**Work instruction**. With the pictures left aside, write out the entries that follow exactly.

---------- Data in this exercise ----------

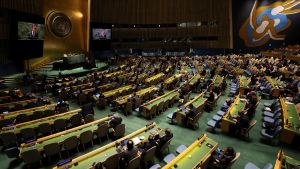 The UN Security Council assembles in rows of chairs in a dark room with green floors.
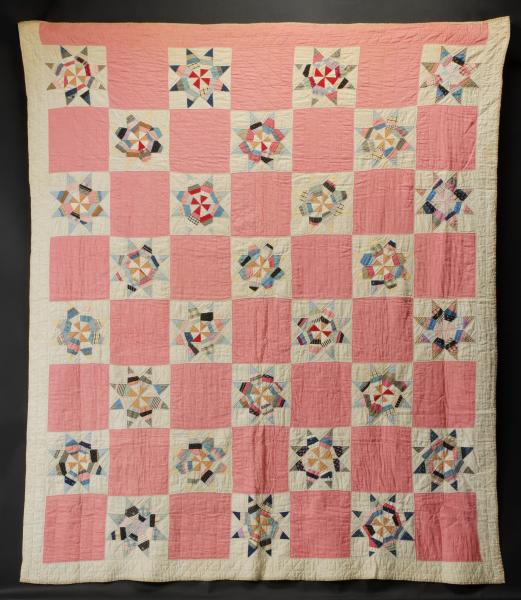 AN ANTIQUE 'STRING STAR' PATTERN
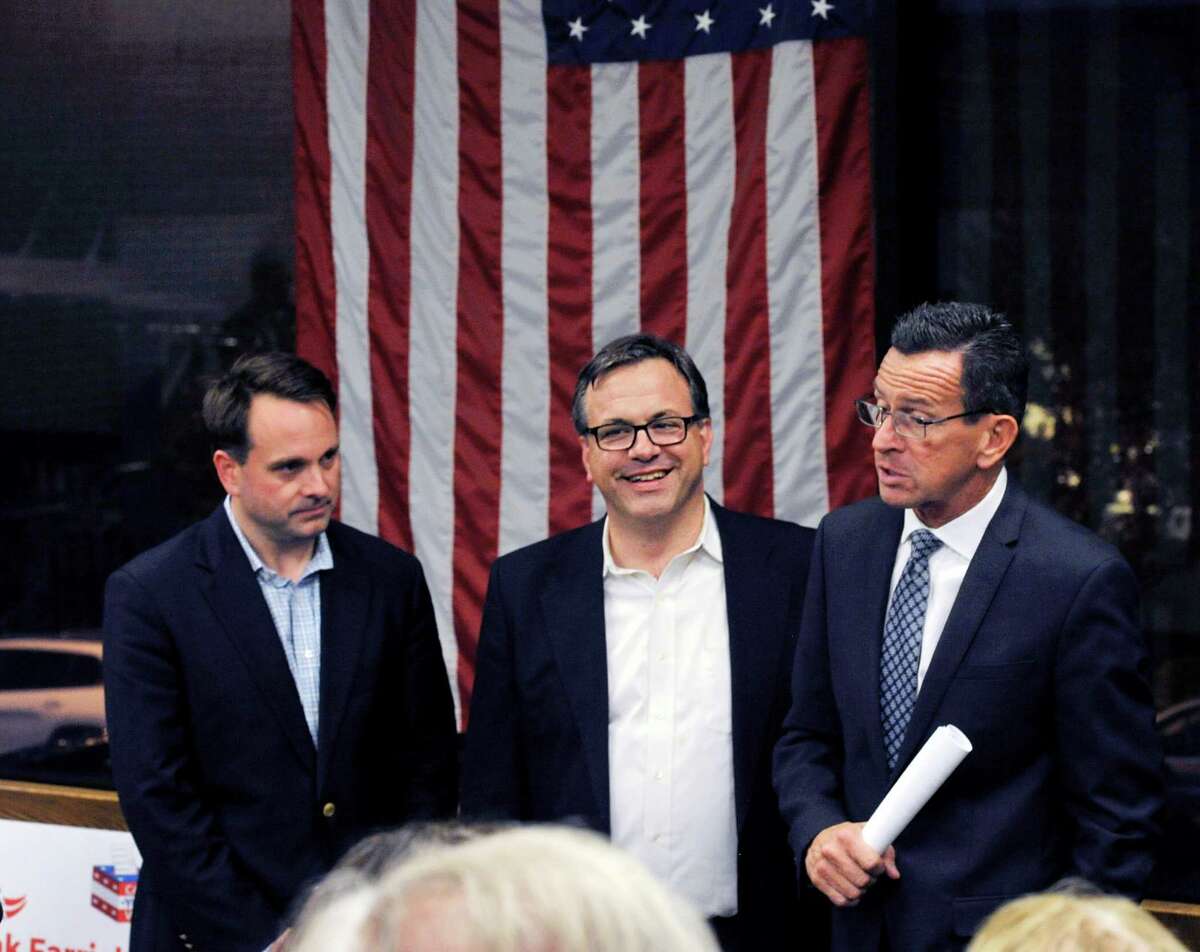 Gov. Dannel P. Malloy, right, campaigns for Greenwich Democrats, Drew Marzullo, left, for selectman and Frank Farricker, center, for first selectman during a campaign stop by Gov. Malloy for the upcoming local Greenwich election, at the Central Greenwich Train Station, Wednesday night, Oct. 28, 2015.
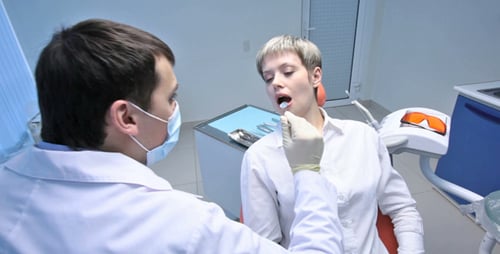 Dentist Examining Patient's Teeth in Bright Clinic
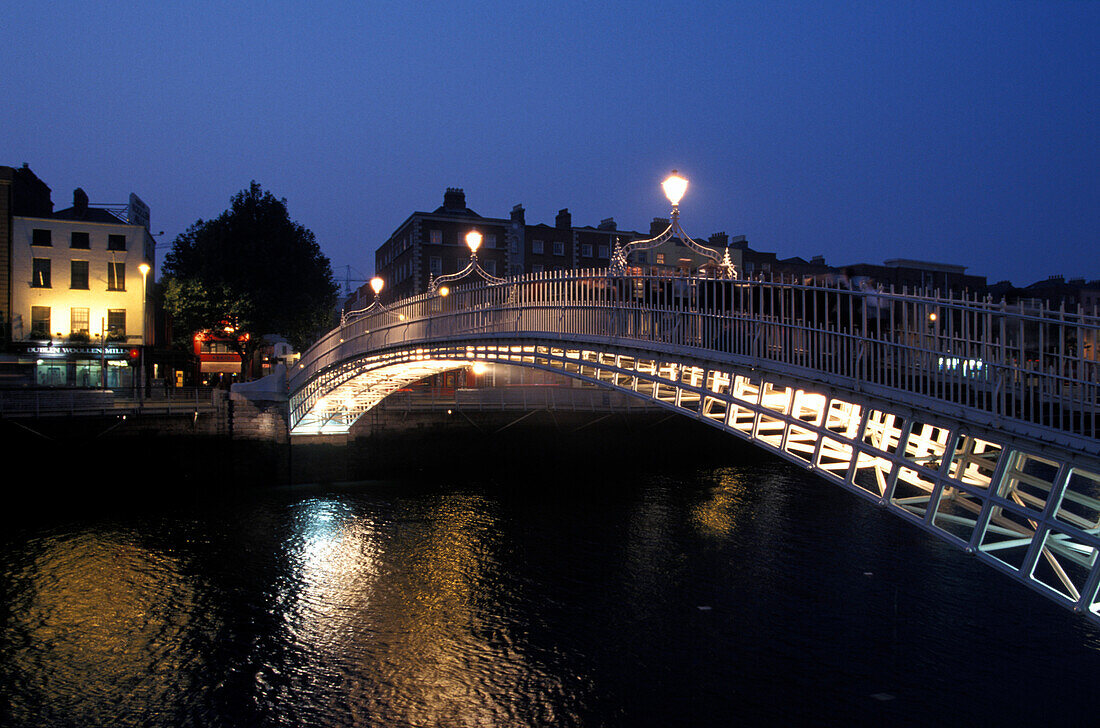 The illuminated Halfpenny Bridge above the river Liffey at night, Dublin Ireland, Europe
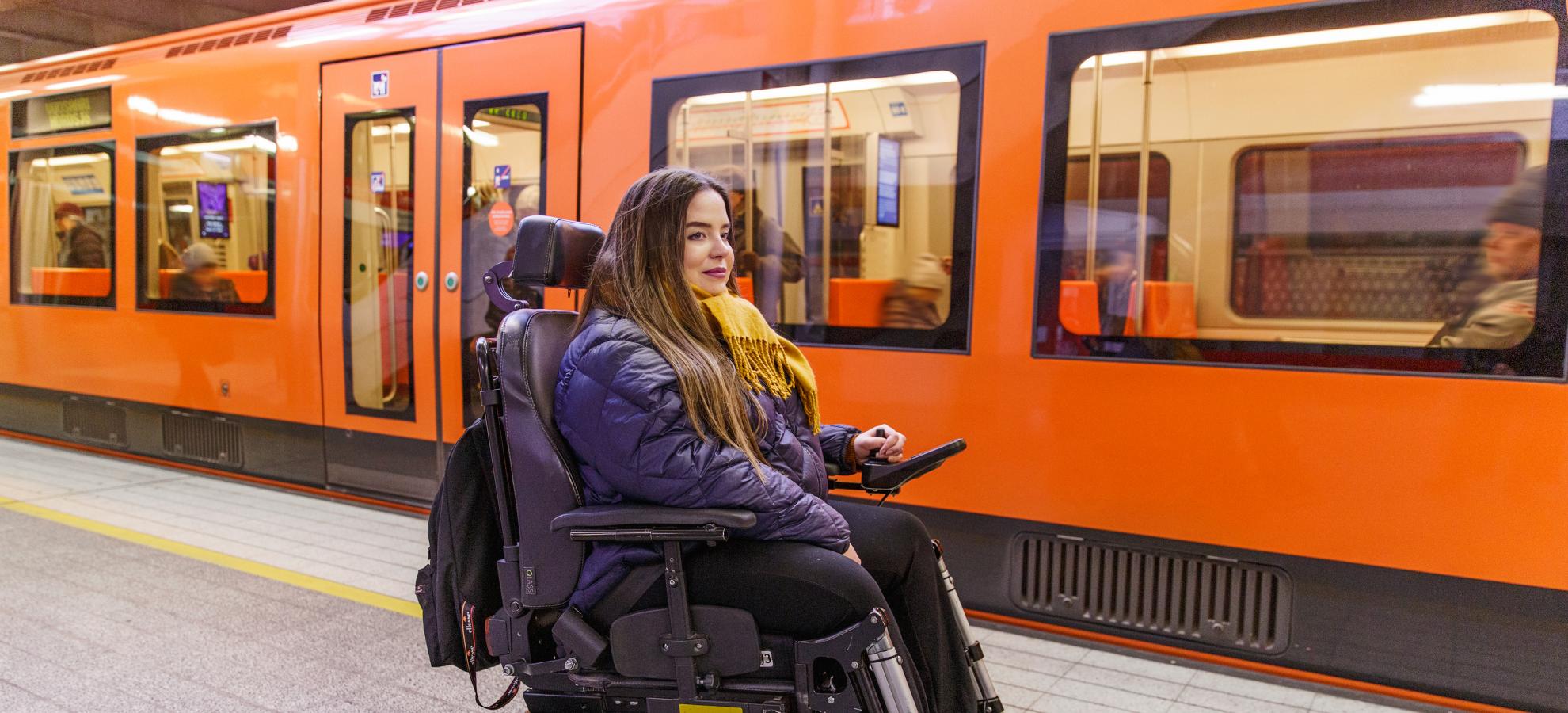 Woman with a wheel chair at the metro station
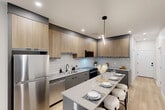 Located in the heart of Calgary's downtown at 8th Avenue SW, this contemporary 2-bedroom, 2-bathroom residence offers a well-appointed layout with modern finishes throughout. Light wood-toned flooring runs through the unit, complemented by crisp white walls and recessed lighting that create a clean, bright atmosphere.

The kitchen is a standout feature, showcasing two-tone cabinetry with natural wood uppers and charcoal grey lowers, a white subway tile backsplash, quartz countertops, and a full suite of stainless steel appliances. A sleek island with bar seating and a linear pendant light serves as both a functional workspace and a casual dining area.

The living room is bright and comfortable, benefiting from a large window that frames views of the surrounding cityscape and fills the space with natural light. Both bedrooms are well-sized, each with windows offering urban views and dedicated closet space. The primary bedroom provides a quiet retreat with ample room.

The bathrooms are finished to a high standard, featuring marble-look tile flooring, a double-sink vanity with grey cabinetry, and a backlit LED mirror that adds a polished touch. In-unit laundry adds everyday convenience. The overall design is cohesive, modern, and well-suited for urban living.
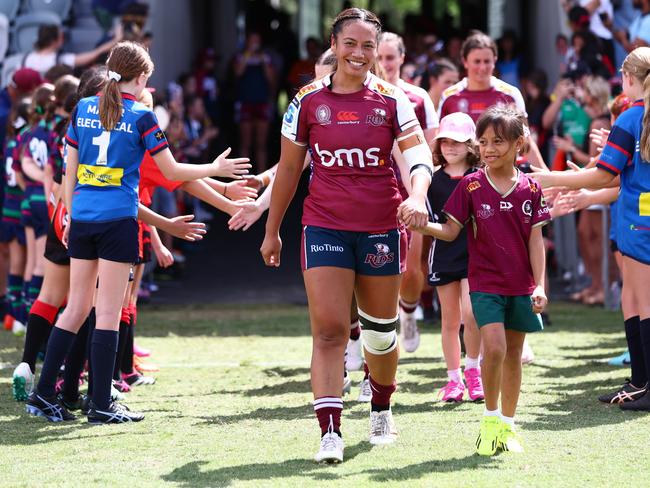 BRISBANE, AUSTRALIA - MARCH 17: Cecilia Smith of the Reds runs of with daughter Ruby during the round one Super Rugby Women's match between Queensland Reds and Fijian Drua at Ballymore Stadium on March 17, 2024 in Brisbane, Australia. (Photo by Chris Hyde/Getty Images)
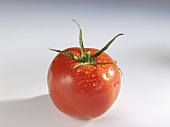 A tomato with drops of water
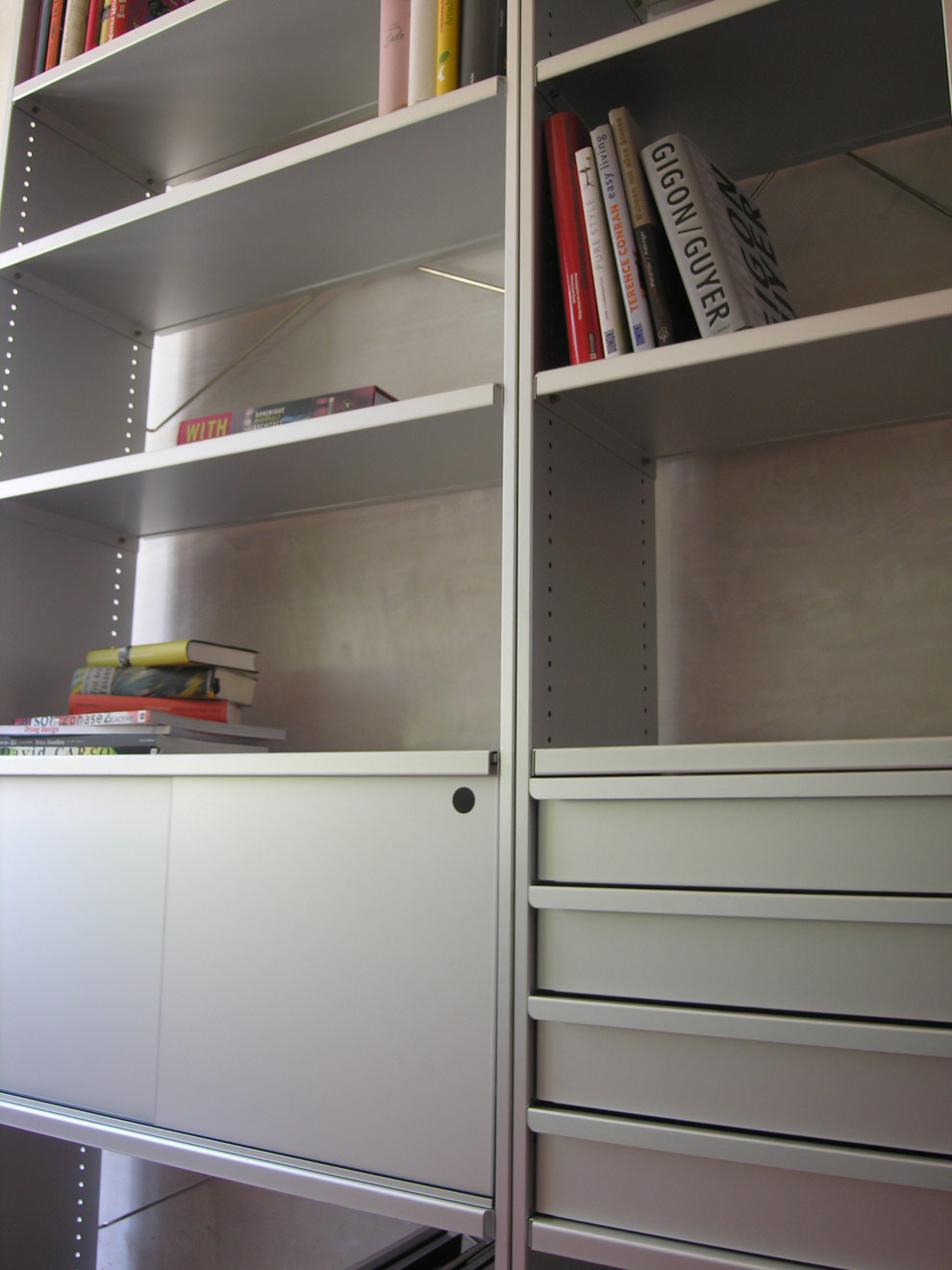 Detailaufnahme von Lehni Regal vor Betonwand auf rotem Boden mit einzelnen Büchern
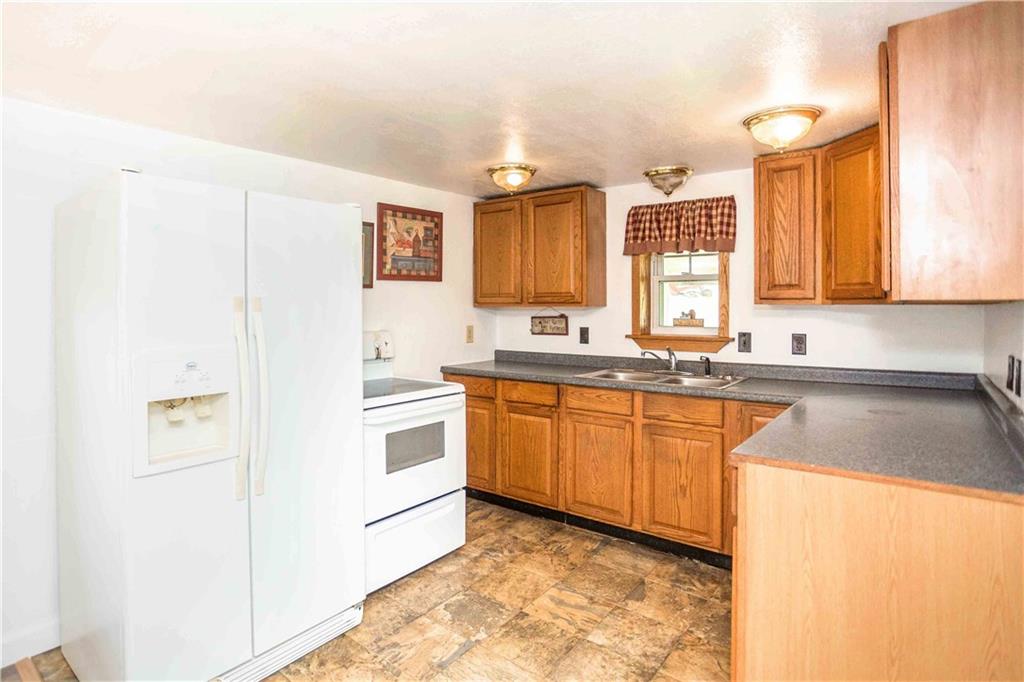 7336 Pollock Road Marion Center, PA 15759 - Photo 8 of 28 a kitchen with granite countertop a sink cabinets stainless steel appliances and a window
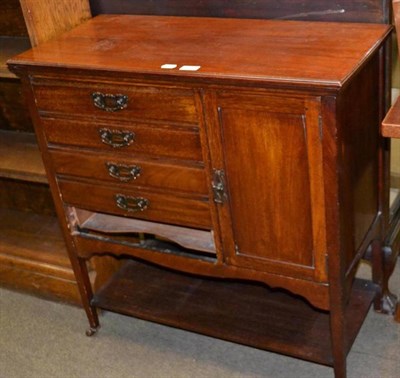 Lot 569 - An Edwardian walnut music cabinet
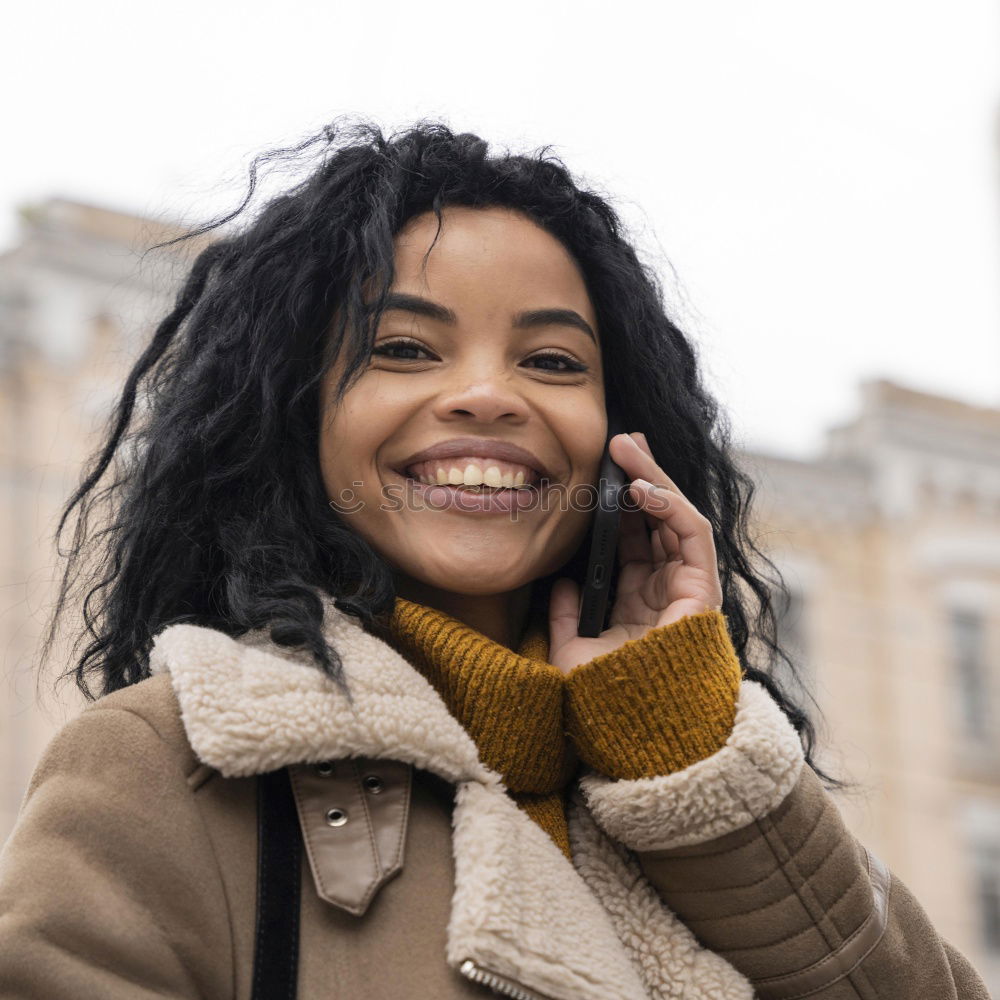 Similar – Young black woman drinking coffee wandering in the streets of Madrid on winter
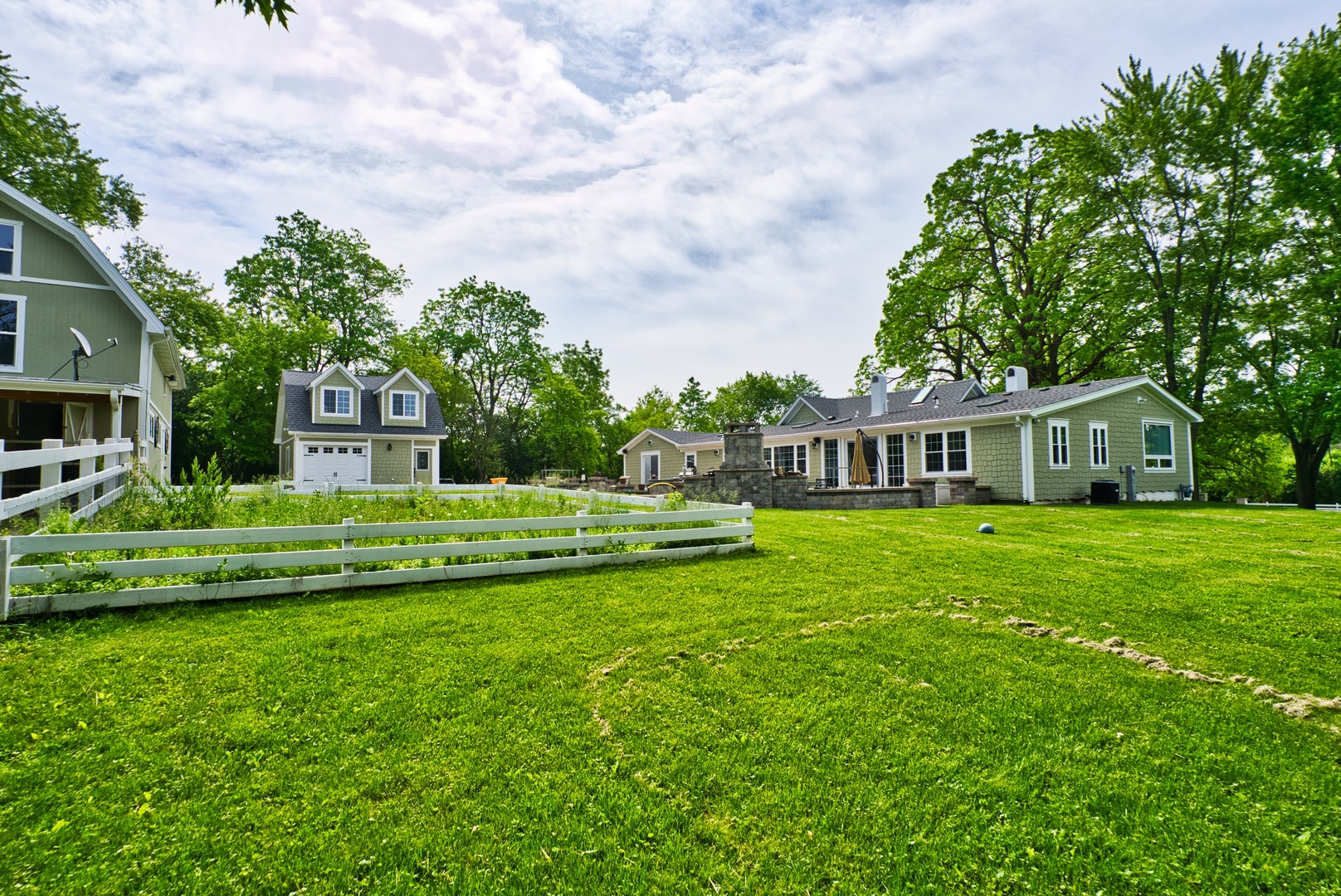 33W878 Army Trail Road Wayne, IL 60184 - Photo 15 of 36 a front view of a house with a garden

----------

**Solution to this problem**.
 The UN Security Council assembles in rows of chairs in a dark room with green floors.
 AN ANTIQUE 'STRING STAR' PATTERN
 Gov. Dannel P. Malloy, right, campaigns for Greenwich Democrats, Drew Marzullo, left, for selectman and Frank Farricker, center, for first selectman during a campaign stop by Gov. Malloy for the upcoming local Greenwich election, at the Central Greenwich Train Station, Wednesday night, Oct. 28, 2015.
 Dentist Examining Patient's Teeth in Bright Clinic
 The illuminated Halfpenny Bridge above the river Liffey at night, Dublin Ireland, Europe
 Woman with a wheel chair at the metro station
 Located in the heart of Calgary's downtown at 8th Avenue SW, this contemporary 2-bedroom, 2-bathroom residence offers a well-appointed layout with modern finishes throughout. Light wood-toned flooring runs through the unit, complemented by crisp white walls and recessed lighting that create a clean, bright atmosphere.

The kitchen is a standout feature, showcasing two-tone cabinetry with natural wood uppers and charcoal grey lowers, a white subway tile backsplash, quartz countertops, and a full suite of stainless steel appliances. A sleek island with bar seating and a linear pendant light serves as both a functional workspace and a casual dining area.

The living room is bright and comfortable, benefiting from a large window that frames views of the surrounding cityscape and fills the space with natural light. Both bedrooms are well-sized, each with windows offering urban views and dedicated closet space. The primary bedroom provides a quiet retreat with ample room.

The bathrooms are finished to a high standard, featuring marble-look tile flooring, a double-sink vanity with grey cabinetry, and a backlit LED mirror that adds a polished touch. In-unit laundry adds everyday convenience. The overall design is cohesive, modern, and well-suited for urban living.
 BRISBANE, AUSTRALIA - MARCH 17: Cecilia Smith of the Reds runs of with daughter Ruby during the round one Super Rugby Women's match between Queensland Reds and Fijian Drua at Ballymore Stadium on March 17, 2024 in Brisbane, Australia. (Photo by Chris Hyde/Getty Images)
 A tomato with drops of water
 Detailaufnahme von Lehni Regal vor Betonwand auf rotem Boden mit einzelnen Büchern
 7336 Pollock Road Marion Center, PA 15759 - Photo 8 of 28 a kitchen with granite countertop a sink cabinets stainless steel appliances and a window
 Lot 569 - An Edwardian walnut music cabinet
 Similar – Young black woman drinking coffee wandering in the streets of Madrid on winter
 33W878 Army Trail Road Wayne, IL 60184 - Photo 15 of 36 a front view of a house with a garden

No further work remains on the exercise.